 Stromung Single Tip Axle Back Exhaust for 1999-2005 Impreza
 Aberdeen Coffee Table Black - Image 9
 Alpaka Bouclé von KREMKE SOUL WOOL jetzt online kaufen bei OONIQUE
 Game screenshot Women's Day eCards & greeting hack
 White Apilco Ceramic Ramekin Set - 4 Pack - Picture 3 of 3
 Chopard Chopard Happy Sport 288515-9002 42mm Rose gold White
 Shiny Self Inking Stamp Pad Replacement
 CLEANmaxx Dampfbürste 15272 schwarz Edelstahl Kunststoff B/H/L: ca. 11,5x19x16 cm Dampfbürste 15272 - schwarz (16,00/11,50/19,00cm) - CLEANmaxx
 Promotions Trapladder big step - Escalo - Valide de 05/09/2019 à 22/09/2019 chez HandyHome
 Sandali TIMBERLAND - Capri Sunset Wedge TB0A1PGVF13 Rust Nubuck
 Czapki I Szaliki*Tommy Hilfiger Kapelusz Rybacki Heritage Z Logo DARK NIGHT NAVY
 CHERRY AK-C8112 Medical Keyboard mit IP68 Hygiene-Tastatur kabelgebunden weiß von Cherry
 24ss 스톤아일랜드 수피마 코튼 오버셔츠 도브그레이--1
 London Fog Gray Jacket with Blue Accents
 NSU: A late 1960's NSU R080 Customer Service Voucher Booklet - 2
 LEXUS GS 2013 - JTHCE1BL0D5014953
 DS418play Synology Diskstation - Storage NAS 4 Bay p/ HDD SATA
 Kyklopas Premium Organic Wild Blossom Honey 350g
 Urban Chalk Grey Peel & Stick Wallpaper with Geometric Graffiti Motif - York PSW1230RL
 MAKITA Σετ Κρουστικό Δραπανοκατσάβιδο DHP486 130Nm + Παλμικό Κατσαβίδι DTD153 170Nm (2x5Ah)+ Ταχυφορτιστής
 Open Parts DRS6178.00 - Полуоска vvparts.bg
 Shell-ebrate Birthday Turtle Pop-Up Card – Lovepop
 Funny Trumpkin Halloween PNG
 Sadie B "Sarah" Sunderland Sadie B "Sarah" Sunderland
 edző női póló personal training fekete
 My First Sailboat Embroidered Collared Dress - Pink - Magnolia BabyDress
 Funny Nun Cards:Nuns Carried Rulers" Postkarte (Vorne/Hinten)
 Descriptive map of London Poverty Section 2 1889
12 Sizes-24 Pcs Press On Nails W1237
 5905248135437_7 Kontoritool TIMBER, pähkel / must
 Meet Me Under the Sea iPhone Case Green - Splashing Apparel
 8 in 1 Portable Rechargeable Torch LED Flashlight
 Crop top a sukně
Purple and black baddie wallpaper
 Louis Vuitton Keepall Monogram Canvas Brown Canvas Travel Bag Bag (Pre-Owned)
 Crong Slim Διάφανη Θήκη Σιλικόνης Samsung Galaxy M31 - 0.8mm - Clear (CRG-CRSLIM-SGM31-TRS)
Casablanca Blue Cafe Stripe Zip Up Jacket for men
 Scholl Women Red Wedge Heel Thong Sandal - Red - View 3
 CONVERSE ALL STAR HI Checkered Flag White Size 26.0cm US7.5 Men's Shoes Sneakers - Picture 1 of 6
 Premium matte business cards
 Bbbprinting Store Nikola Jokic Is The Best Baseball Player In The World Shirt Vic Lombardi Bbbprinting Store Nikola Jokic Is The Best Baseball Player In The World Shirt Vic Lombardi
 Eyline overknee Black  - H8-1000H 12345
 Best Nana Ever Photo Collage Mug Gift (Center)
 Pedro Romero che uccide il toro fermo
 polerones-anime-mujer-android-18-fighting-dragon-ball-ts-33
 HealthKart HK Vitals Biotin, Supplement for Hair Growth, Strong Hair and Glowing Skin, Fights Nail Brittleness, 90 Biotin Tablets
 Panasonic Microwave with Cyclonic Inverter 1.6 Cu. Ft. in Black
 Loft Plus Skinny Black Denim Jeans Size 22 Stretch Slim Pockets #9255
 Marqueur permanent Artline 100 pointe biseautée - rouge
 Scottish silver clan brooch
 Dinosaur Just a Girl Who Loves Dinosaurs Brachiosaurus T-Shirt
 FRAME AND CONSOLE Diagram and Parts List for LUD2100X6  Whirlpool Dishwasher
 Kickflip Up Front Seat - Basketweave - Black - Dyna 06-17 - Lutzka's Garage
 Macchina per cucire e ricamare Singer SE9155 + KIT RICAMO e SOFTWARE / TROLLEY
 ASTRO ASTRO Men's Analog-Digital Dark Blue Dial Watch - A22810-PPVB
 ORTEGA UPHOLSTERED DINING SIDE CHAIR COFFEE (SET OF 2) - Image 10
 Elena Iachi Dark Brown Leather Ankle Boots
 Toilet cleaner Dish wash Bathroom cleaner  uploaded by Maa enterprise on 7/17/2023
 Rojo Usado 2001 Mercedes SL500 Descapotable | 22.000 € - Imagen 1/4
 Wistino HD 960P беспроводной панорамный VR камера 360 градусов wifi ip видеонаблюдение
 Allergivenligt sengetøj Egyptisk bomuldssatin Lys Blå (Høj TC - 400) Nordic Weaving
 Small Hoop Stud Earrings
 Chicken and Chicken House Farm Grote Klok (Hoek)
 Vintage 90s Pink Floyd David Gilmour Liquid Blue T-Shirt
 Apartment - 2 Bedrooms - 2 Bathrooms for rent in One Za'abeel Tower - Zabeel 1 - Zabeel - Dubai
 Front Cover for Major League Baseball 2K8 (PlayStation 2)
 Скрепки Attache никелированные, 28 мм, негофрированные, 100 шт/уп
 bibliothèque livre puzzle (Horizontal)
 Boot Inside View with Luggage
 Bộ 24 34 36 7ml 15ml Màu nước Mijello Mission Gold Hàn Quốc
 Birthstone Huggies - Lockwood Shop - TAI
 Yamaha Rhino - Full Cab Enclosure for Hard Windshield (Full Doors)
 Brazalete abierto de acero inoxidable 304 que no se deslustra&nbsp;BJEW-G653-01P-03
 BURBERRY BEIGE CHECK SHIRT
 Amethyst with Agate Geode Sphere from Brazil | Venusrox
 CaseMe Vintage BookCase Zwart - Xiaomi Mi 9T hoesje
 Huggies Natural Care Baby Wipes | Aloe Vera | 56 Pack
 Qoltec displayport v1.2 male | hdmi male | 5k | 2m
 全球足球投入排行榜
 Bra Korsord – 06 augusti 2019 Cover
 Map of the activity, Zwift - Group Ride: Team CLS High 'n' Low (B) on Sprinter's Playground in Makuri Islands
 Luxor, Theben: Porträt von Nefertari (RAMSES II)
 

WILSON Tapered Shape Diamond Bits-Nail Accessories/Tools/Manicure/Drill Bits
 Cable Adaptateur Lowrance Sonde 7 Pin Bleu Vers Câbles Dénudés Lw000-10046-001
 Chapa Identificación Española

— Work request —
Repeat, word for word, the lines above between the line holding "ASTRO ASTRO Men's" and the line holding "Rojo Usado 2001", inclusive; omit everything else.

— Final answer —
 ASTRO ASTRO Men's Analog-Digital Dark Blue Dial Watch - A22810-PPVB
 ORTEGA UPHOLSTERED DINING SIDE CHAIR COFFEE (SET OF 2) - Image 10
 Elena Iachi Dark Brown Leather Ankle Boots
 Toilet cleaner Dish wash Bathroom cleaner  uploaded by Maa enterprise on 7/17/2023
 Rojo Usado 2001 Mercedes SL500 Descapotable | 22.000 € - Imagen 1/4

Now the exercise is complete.